Zéro heure à Phnom Penh.
C'est très bien de faire une courte et glaciale introduction nommée « du génocide au café glacé » pour évoquer l'histoire du Cambodge, de l'arrivée des Khmers rouges à Phnom Penh en 1975 jusqu'à nos jours (l'invasion du Cambodge par les touristes…), mais les raccourcis, qui tendent à faire oublier la participation des Etats Unis ,de la Chine et des Vietnamiens (les français figurent eux en bonne place) aux massacres, sont inacceptables.
Ce n'est, direz-vous, qu'un polar, écrit par un Canadien au moment où l'ONU était censée assurer le déroulement des élections législatives vers un développement démocratique du pays juste après les accords de Paris au début des années 90. Il se trouve que j'étais sur place à l'époque pour la reconstruction du campus diplomatique de Phnom Penh et que j'ai pris la peine de m'informer sur les origines des conflits des prises de pouvoir, du génocide. Si j'évoque cette période qui me concerne professionnellement, c'est pour mieux pointer l'incroyable vide que représente la présence dans la ville des héros de ce livre.
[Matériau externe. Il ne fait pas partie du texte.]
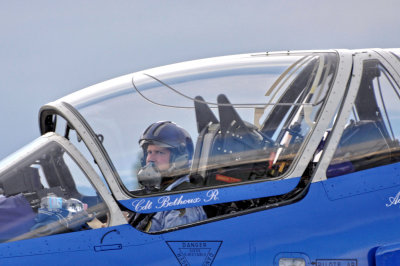 196 Patrouille de France - MRC@2015.jpg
Car de fait aucun d'entre eux, à part le médecin français, n'ont quoi que ce soit à faire sur place à part une vague enquête sur un ou plusieurs vagues trafics.
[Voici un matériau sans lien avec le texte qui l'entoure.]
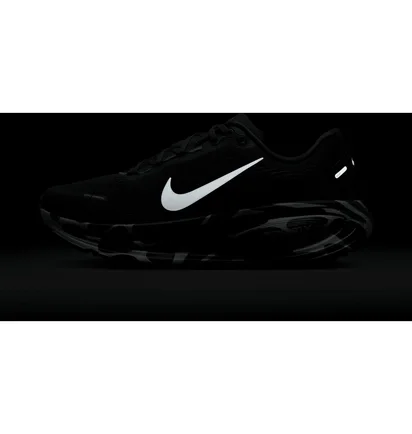 Кроссовки мужские Nike Air Zoom Vomero 18 Grey IM6010-060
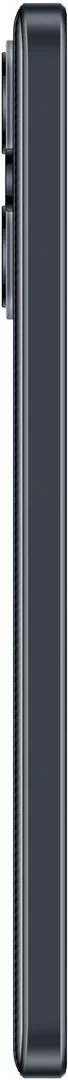 Смартфон Poco F5 8/256GB Black - фото 7
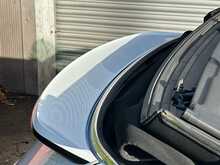 Volkswagen Beetle TDI BlueMotion Tech Sport - U1250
Pour le coup, ils se comportent comme des imbéciles : Sortir la nuit dans une ville sans éclairage urbain où l'on risque bêtement la mort à chaque carrefour n'a rien d'héroïque, picoler du matin au soir, non plus, et sauter les putes vietnamiennes encore plus affligeant d'autant que l'auteur semble faire l'apologie de la prostitution comme seul moyen de subsistance pour les rescapées.
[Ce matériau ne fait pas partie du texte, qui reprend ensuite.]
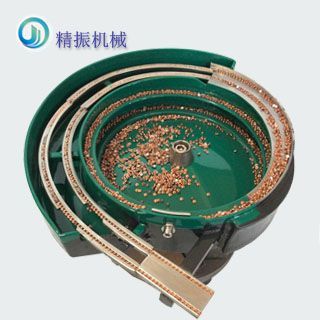 触点安博注册_安博(中国)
En aucun cas ce mode de vie n'était une règle et l'on pouvait aller au marché russe sans ramener chez soi un kilo de hasch ou des armes, on pouvait manger tranquillement des soupes chez Lipp ou acheter des fruits dans la rue, sur Monivong ou ailleurs sans dévorer des chiens avec les militaires. On pouvait dire non. On pouvait s'insurger contre ceux qui vous proposaient le plus sordide, on pouvait leur faire bouffer leur honte.
L'époque était sauvage, et les forces onusiennes s'ennuyaient ferme, qui ne pouvaient rien faire d'autre que d'attendre et de compter les morts entre les clans et les factions sans ordre d'intervention. Mais la prostitution reste sans excuse, surtout pas l'ennui.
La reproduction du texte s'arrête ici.